I'll read up README.quirks and my FreeBSD Design & Implementation book, but if you have any pointers or similar commits that would be a big help. I've found:

- https://reviews.freebsd.org/D13093
- https://forums.freebsd.org/threads/55210/

to start with.
Comment 6 Dave Cottlehuber freebsd_committer freebsd_triage 2017-12-11 16:24:20 UTC
actually it looks like https://reviews.freebsd.org/D13389#inline-80238 is all I need - sorry for the noise
Comment 7 chuck 2017-12-11 23:51:53 UTC
It would be interesting to see what, if any, failure occurs without adding a specific quirk for your device. So if you have the time and inclination, I'd vote for experiment #1 to be the D13389 patch without changes and experiment #2 to be the D13389 patch plus an entry in pci_ids for your device with .quirks set to QUIRK_DELAY_B4_CHK_RDY.

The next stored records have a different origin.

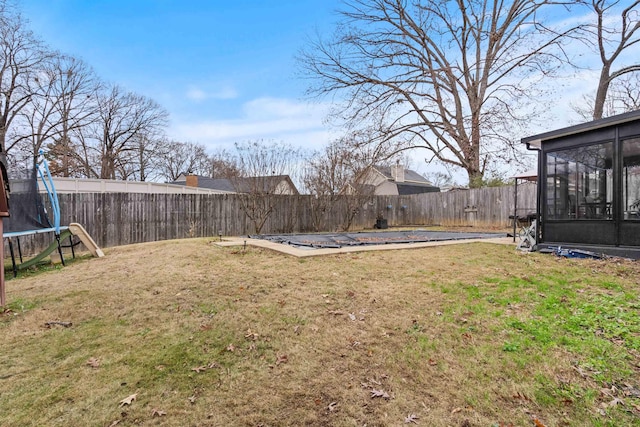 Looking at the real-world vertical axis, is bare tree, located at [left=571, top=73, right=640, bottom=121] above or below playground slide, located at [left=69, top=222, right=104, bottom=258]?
above

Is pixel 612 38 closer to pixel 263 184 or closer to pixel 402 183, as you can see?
pixel 263 184

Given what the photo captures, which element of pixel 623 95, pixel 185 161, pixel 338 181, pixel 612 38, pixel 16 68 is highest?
pixel 612 38

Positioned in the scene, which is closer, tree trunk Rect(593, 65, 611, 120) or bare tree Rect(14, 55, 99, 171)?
tree trunk Rect(593, 65, 611, 120)

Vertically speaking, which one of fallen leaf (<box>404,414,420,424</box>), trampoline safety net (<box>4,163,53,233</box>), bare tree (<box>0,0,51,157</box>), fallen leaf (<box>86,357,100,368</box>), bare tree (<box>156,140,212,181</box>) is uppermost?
bare tree (<box>0,0,51,157</box>)

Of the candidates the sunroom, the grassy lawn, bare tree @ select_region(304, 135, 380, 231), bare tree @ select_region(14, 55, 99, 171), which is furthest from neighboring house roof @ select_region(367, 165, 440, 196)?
the grassy lawn

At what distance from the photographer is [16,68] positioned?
16.4 metres

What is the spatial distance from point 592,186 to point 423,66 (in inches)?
455

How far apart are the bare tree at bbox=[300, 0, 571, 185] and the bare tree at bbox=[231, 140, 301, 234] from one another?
5.03 metres

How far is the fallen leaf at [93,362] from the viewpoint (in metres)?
2.29

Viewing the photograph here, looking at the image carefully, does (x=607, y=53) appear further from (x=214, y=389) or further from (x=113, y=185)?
(x=113, y=185)

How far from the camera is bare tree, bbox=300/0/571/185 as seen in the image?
14.7 meters

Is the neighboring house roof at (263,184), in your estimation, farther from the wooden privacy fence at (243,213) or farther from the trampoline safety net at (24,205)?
the trampoline safety net at (24,205)

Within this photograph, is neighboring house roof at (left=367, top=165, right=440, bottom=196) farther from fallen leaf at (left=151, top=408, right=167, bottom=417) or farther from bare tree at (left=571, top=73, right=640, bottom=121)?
fallen leaf at (left=151, top=408, right=167, bottom=417)

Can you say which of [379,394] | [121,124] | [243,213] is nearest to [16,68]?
[121,124] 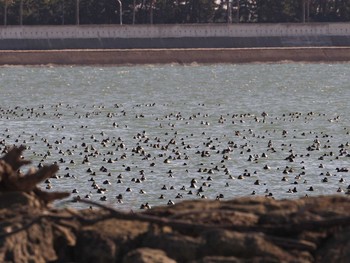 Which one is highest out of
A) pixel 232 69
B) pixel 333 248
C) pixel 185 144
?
pixel 333 248

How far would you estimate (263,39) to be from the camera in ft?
608

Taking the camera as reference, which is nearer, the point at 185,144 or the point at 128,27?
the point at 185,144

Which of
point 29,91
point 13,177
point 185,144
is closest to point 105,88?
point 29,91

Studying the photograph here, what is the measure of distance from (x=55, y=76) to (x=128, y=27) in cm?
3093

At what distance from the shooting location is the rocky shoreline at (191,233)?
8.55 metres

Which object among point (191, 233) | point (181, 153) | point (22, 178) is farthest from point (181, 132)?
point (191, 233)

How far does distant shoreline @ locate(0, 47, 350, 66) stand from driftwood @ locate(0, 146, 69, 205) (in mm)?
162216

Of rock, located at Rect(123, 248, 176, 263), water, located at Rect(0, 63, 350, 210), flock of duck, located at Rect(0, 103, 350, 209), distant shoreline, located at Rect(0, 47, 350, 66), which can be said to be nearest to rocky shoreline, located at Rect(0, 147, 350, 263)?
rock, located at Rect(123, 248, 176, 263)

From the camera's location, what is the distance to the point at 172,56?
581ft

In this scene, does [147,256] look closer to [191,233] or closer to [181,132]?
[191,233]

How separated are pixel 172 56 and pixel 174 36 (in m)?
9.48

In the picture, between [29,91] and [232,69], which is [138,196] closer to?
[29,91]

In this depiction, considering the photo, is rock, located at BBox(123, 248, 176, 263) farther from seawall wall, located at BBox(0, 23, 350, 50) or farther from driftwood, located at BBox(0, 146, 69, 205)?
seawall wall, located at BBox(0, 23, 350, 50)

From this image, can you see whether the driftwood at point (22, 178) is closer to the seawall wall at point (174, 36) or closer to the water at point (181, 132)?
the water at point (181, 132) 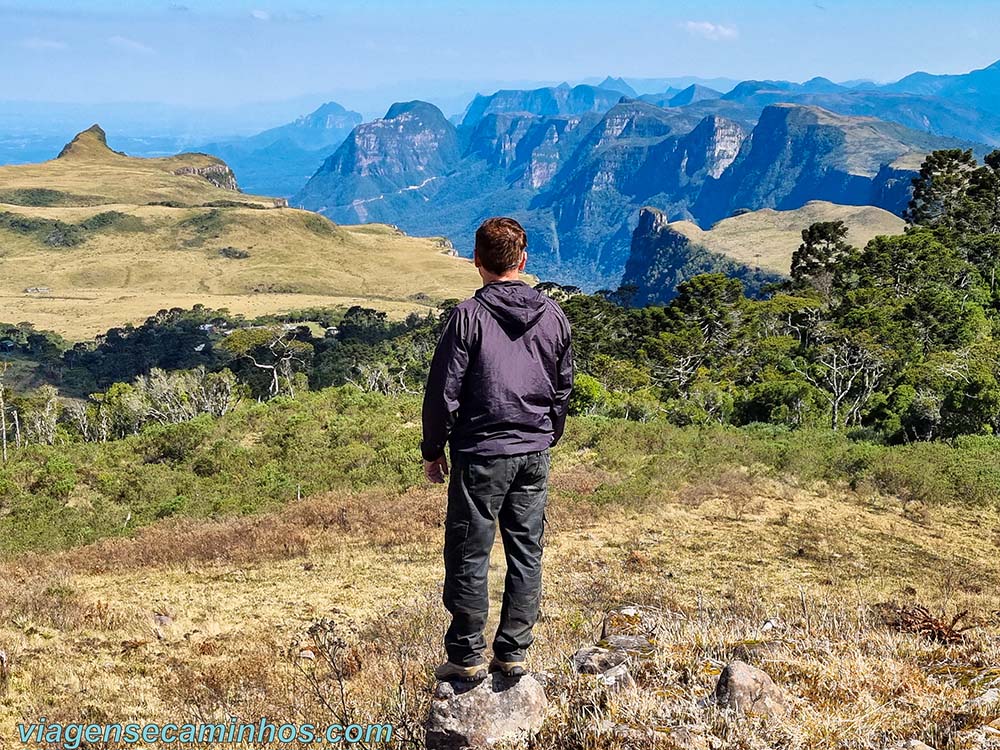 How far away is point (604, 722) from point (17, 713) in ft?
16.2

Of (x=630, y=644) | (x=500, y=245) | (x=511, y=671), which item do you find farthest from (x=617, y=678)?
(x=500, y=245)

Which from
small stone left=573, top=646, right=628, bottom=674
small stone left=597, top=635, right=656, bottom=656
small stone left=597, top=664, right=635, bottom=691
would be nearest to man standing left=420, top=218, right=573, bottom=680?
small stone left=597, top=664, right=635, bottom=691

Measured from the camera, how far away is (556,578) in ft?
35.0

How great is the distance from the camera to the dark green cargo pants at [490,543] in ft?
15.0

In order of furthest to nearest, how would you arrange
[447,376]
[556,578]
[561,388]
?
1. [556,578]
2. [561,388]
3. [447,376]

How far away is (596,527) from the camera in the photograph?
13719 mm

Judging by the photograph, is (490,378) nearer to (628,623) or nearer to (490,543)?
(490,543)

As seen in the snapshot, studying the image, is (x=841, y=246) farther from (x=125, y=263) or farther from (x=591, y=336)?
(x=125, y=263)

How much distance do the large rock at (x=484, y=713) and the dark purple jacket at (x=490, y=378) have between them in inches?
60.0

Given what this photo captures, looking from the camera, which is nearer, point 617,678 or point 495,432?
point 495,432

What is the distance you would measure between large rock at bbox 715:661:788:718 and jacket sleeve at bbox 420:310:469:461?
2414mm

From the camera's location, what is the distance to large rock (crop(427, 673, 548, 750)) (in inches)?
177

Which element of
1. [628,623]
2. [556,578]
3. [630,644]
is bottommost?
[556,578]

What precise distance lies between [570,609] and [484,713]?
4457 mm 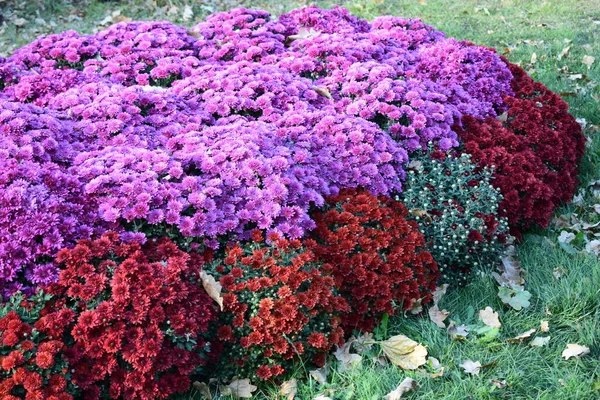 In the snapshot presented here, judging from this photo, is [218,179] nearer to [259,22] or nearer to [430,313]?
[430,313]

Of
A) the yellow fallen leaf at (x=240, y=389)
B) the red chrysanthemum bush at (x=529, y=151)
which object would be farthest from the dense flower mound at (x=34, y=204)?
the red chrysanthemum bush at (x=529, y=151)

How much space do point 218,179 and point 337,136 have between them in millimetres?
930

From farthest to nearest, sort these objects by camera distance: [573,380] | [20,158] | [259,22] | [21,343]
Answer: [259,22] → [20,158] → [573,380] → [21,343]

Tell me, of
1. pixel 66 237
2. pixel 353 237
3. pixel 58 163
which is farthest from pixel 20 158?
pixel 353 237

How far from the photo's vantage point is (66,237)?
9.90 feet

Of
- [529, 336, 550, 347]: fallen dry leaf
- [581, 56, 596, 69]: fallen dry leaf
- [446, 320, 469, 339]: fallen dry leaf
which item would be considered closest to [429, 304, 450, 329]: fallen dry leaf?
[446, 320, 469, 339]: fallen dry leaf

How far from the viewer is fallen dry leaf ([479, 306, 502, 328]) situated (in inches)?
130

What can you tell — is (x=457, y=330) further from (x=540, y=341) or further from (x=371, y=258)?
(x=371, y=258)

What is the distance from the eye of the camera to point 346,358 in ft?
10.2

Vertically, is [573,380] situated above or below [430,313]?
above

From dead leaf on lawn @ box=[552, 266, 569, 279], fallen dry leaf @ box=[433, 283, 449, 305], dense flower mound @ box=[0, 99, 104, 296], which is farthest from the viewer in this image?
dead leaf on lawn @ box=[552, 266, 569, 279]

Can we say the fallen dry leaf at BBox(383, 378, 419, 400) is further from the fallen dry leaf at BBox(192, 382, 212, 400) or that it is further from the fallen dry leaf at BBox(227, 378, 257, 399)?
the fallen dry leaf at BBox(192, 382, 212, 400)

Comment 8 Dave Cottlehuber freebsd_committer freebsd_triage 2017-12-16 12:19:22 UTC
experiment#1 underway..
Comment 9 Dave Cottlehuber freebsd_committer freebsd_triage 2017-12-18 07:15:11 UTC
early days but I've not had a repeat hang with this patch (yay). I'll close this later in the week if I don't have a recurrence. thanks!
Comment 10 Dave Cottlehuber freebsd_committer freebsd_triage 2017-12-19 16:10:12 UTC
LGTM, no issues reported at all, no quirk hacks needed. My perception is that resume time is super fast now as well.